MS Office 2007 Service Pack 2 avec support ODF : comment est-ce que cela fonctionne ?

Résumé des premiers résultats de tests sur le support ODF de Microsoft

Le support de Microsoft pour le format OpenDocument (ODF) représente un test important, et sur le long terme, de son engagement à aller vers une réelle interopérabilité. Avec le SP2, Microsoft devient instantanément la suite bureautique ODF avec la plus grande part de marché. Toutefois, le fait de mettre en circulation des millions de fichiers ODF non-interopérables et incompatibles avec le support ODF que garantissent d’autres éditeurs ne peut que mener à la décomposition du standard. Dans les faits, cela mettrait fin à l’interopérabilité basée sur les standards ouverts en bureautique.

Vous trouverez ci-dessous un résumé des principaux défauts du support ODF de Microsoft, identifiés après les premiers tests. Sans corrections, c’est la divergence qui prédominera, au lieu d’une convergence autour d’un format d’échange ouvert et éditable, que le marché, y compris et surtout les gouvernements, réclame. Pour être constructif, nous avons fait plusieurs recommandations pour que Microsoft puisse enfin réellement honorer son engagement de support interopérable pour l’ODF.

Interopérabilité pour le tableur ODF

Lors de la lecture d’une feuille de calcul ODF, MS Office Excel 2007 efface les formules, ce qui casse l’interopérabilité avec tous les autres tableurs qui supportent l’ODF. Adapté pour la lecture, le support Microsoft pour le travail collaboratif sur les feuilles de calcul ODF est comme inexistant dans la pratique.

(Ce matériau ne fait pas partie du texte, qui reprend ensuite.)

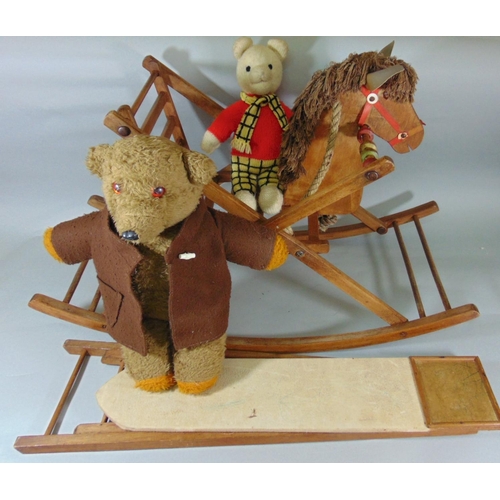 144 - Vintage wooden rocking horse, length 84cm, together with a toy ironing board, knitted Rupert bear an... 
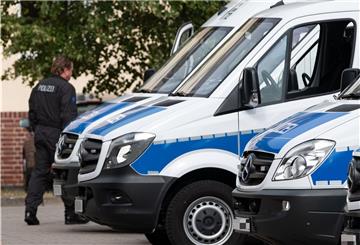 Drei Polizeiautos parken und ein Beamter läuft vorbei. 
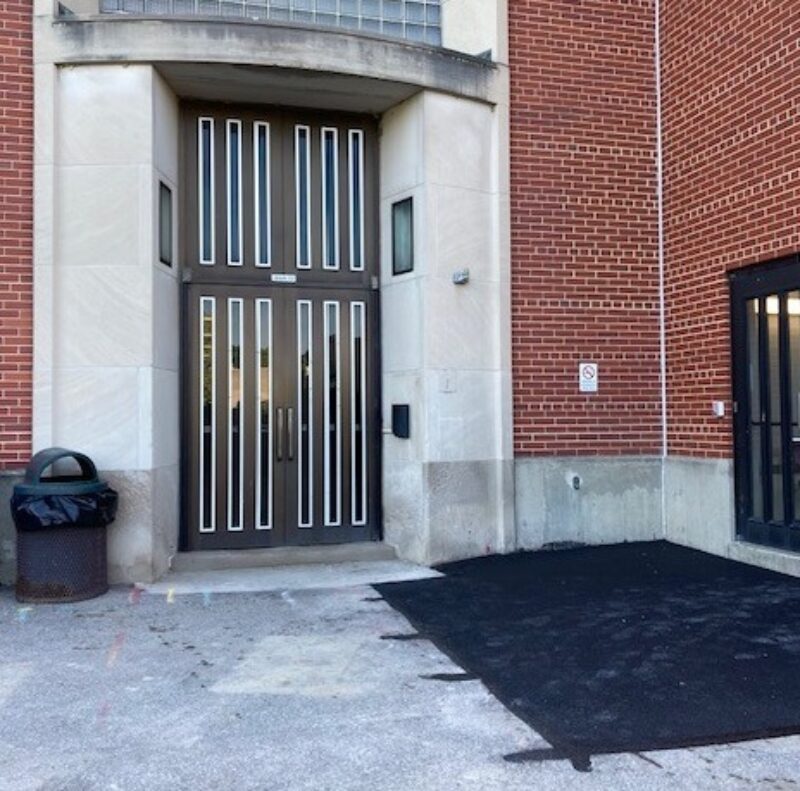 New asphalt patch outside Main Building Exit Door 22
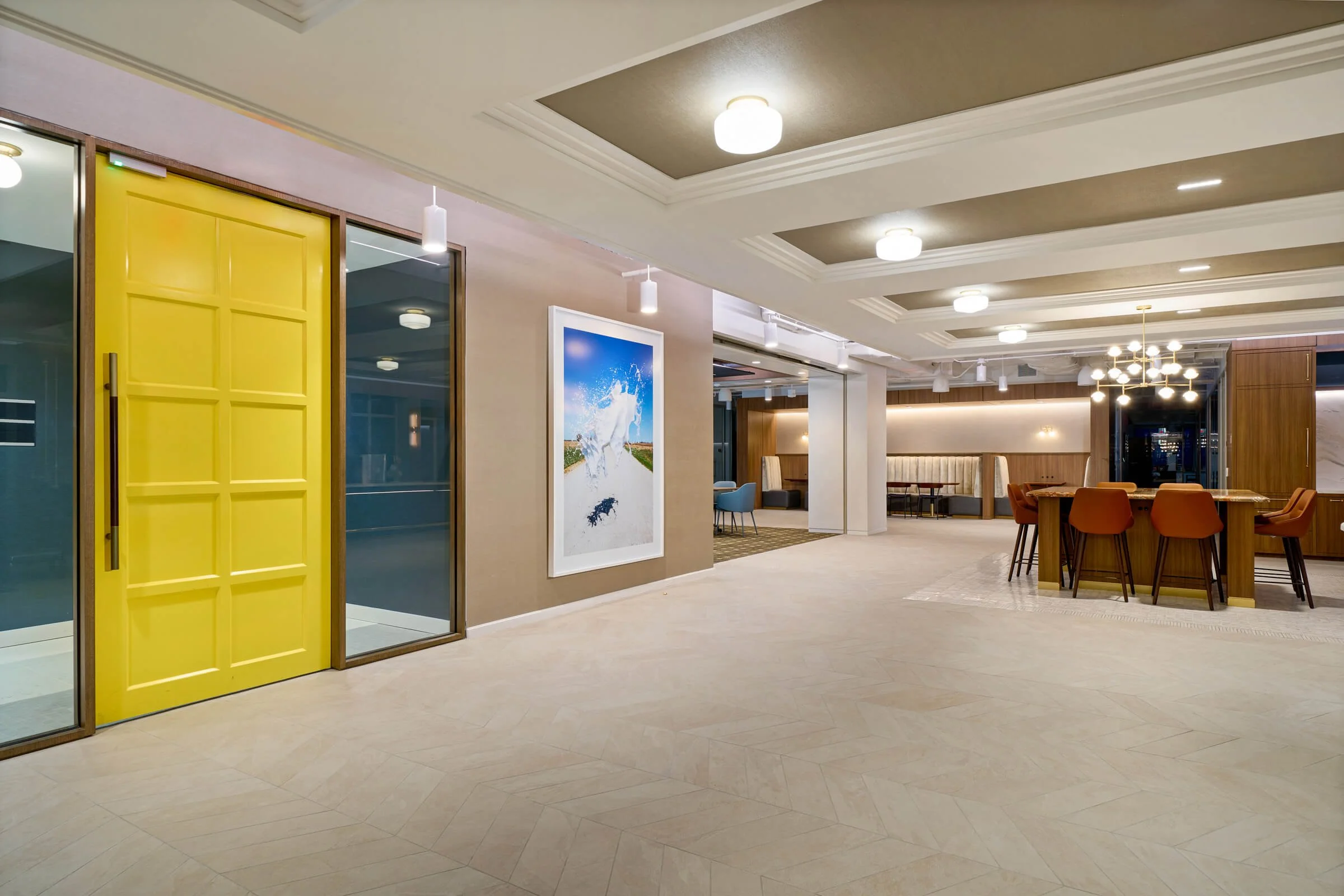 Modern corporate office interior completed by Coakley & Williams Construction featuring collaborative workspace and custom architectural finishes.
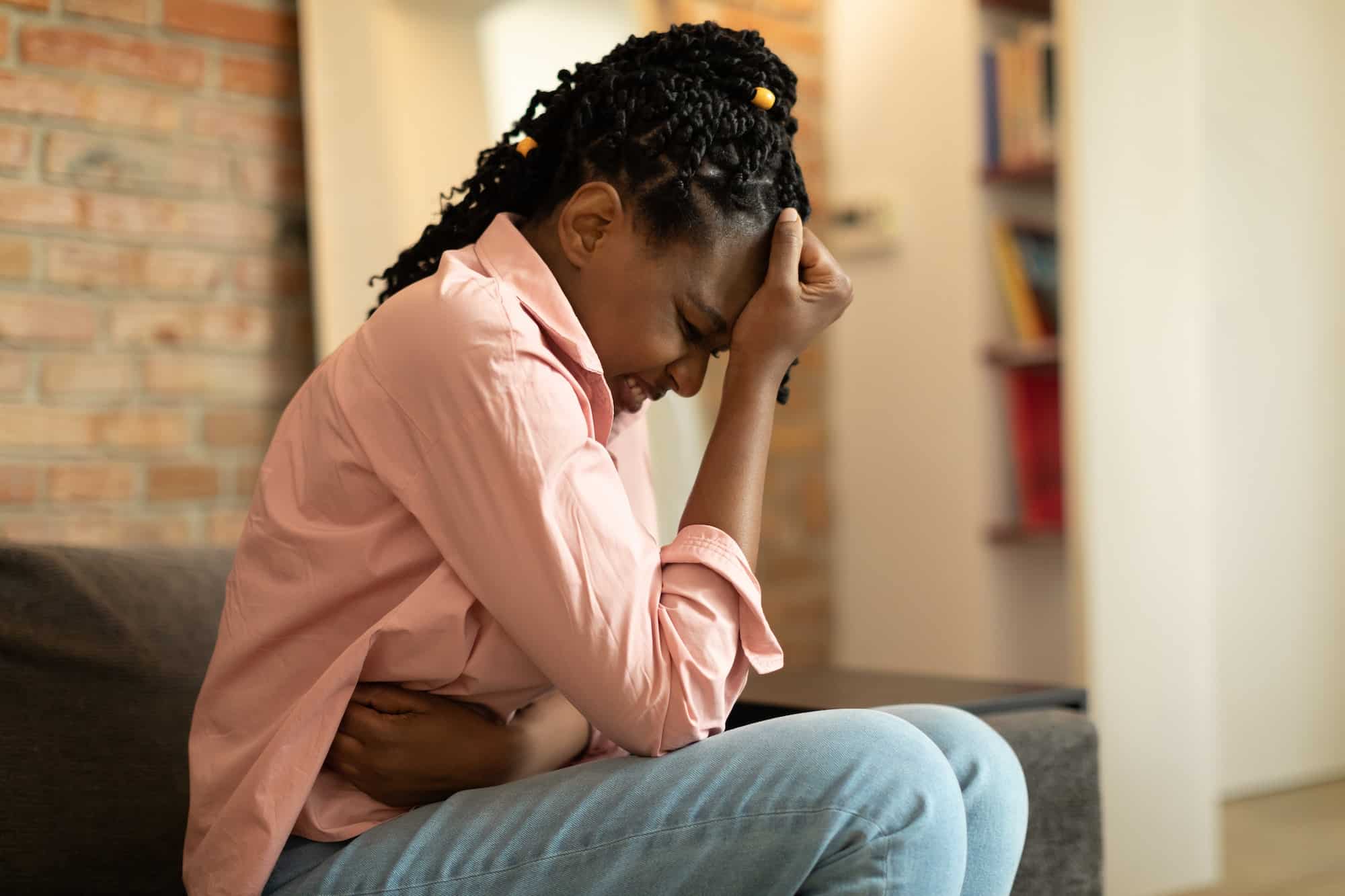African american woman suffering from PMS and menstruation pain, having stomach ache, sitting on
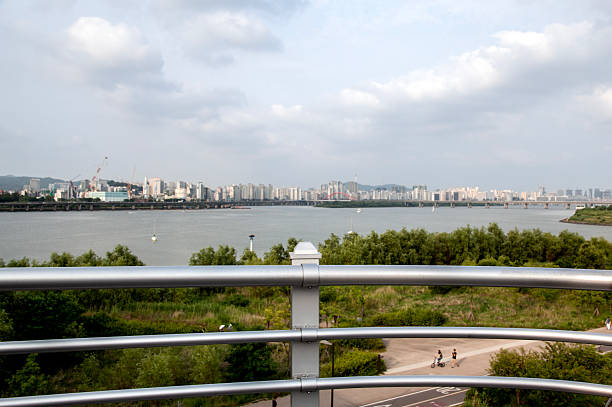 istock bridge fence at the riverside 2206039922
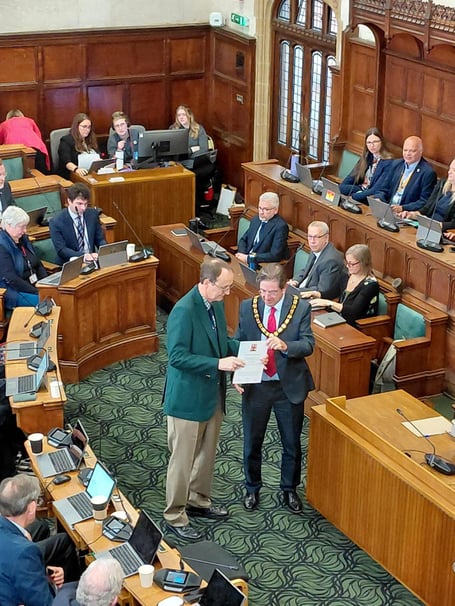 Adrian Collett at Hampshire County Council chamber receiving the honorary alderman title.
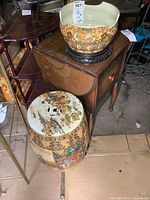Porcelain planter bowl on wooden base and decorative porcelain pedestal beside it.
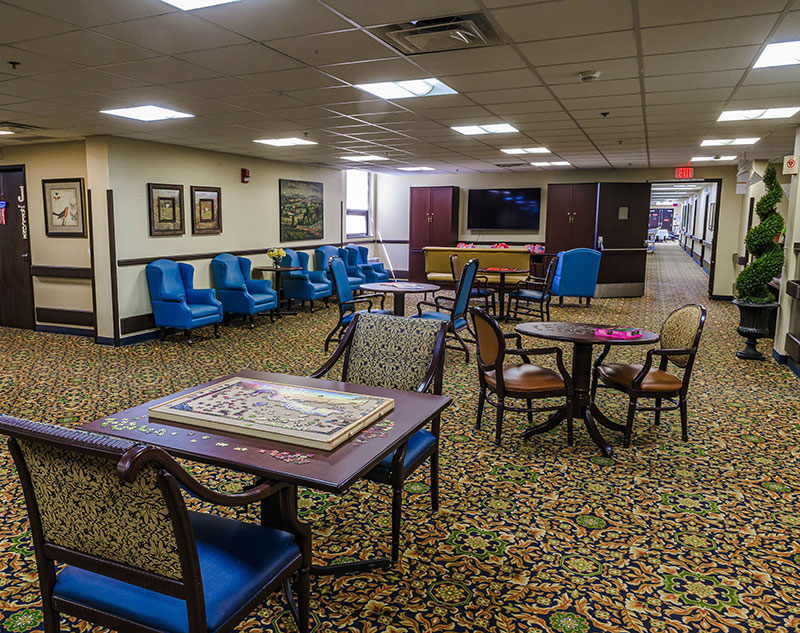 Activities room with puzzles, game tables, and flat-screen television in Ebensburg, Pennsylvania assisted living facility.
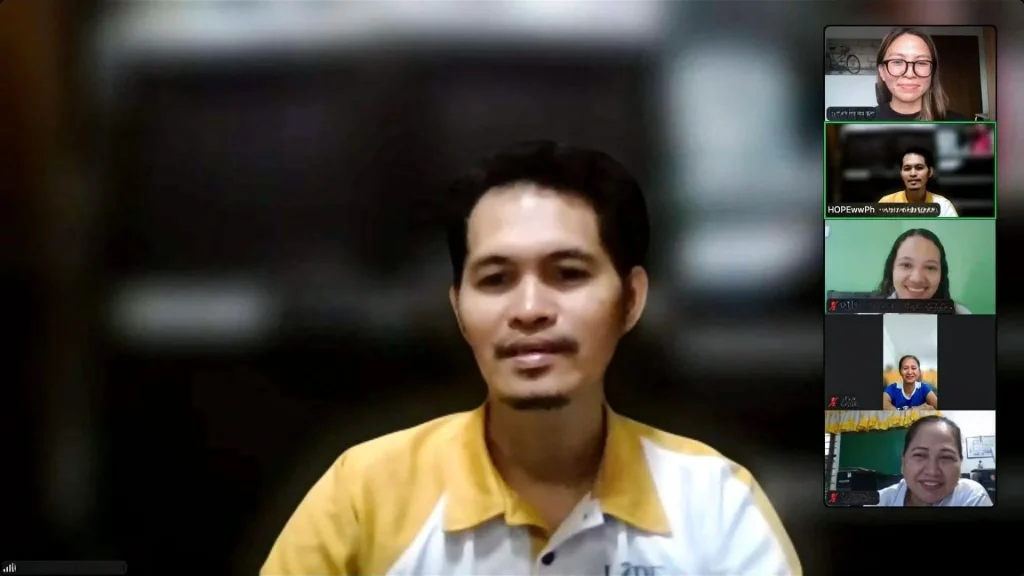 A man in a yellow and white collared shirt speaks during a video conference with four other participants visible in a sidebar on the right side.
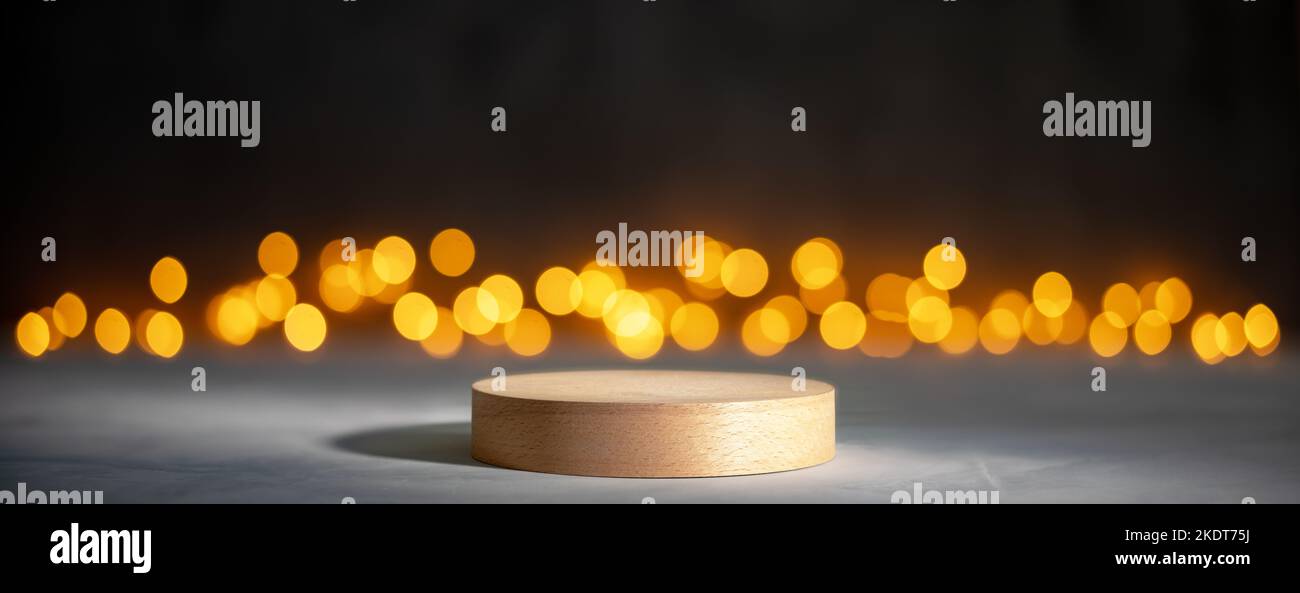 Cylinder wooden podium with Christmas bokeh lights Stock Photo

Une feuille de calcul de test créée dans Google Docs, KSpread, Symphony, OpenOffice, et le plugin Sun 3.0 pour MS Office, par exemple, n’est pas correctement interprétée par MS Excel 2007. La raison en est que les formules utilisées pour faire des calculs dans un tableur (par exemple ajouter des nombres dans plusieurs cellules d’une colonne) sont tout simplement effacées dans MS Excel 2007. Au lieu d’effectuer les opérations, ce qui reste lors du chargement de la feuille de calcul dans MS Excel 2007 est la dernière valeur de la cellule de la dernière sauvegarde.

La même feuille de calcul de test, ouverte puis enregistrée dans toutes les applications, à part MS Excel 2007 (par exemple entre KSpread et Google Docs), est correctement interprétée. La plupart des autres tableurs ODF sont parfaitement capables d’interopérer. La bonne approche pour Microsoft aurait été de faire de même, pour assurer aux utilisateurs de MS Office la possibilité de partager des feuilles de calcul avec d’autres suites bureautiques supportant ODF.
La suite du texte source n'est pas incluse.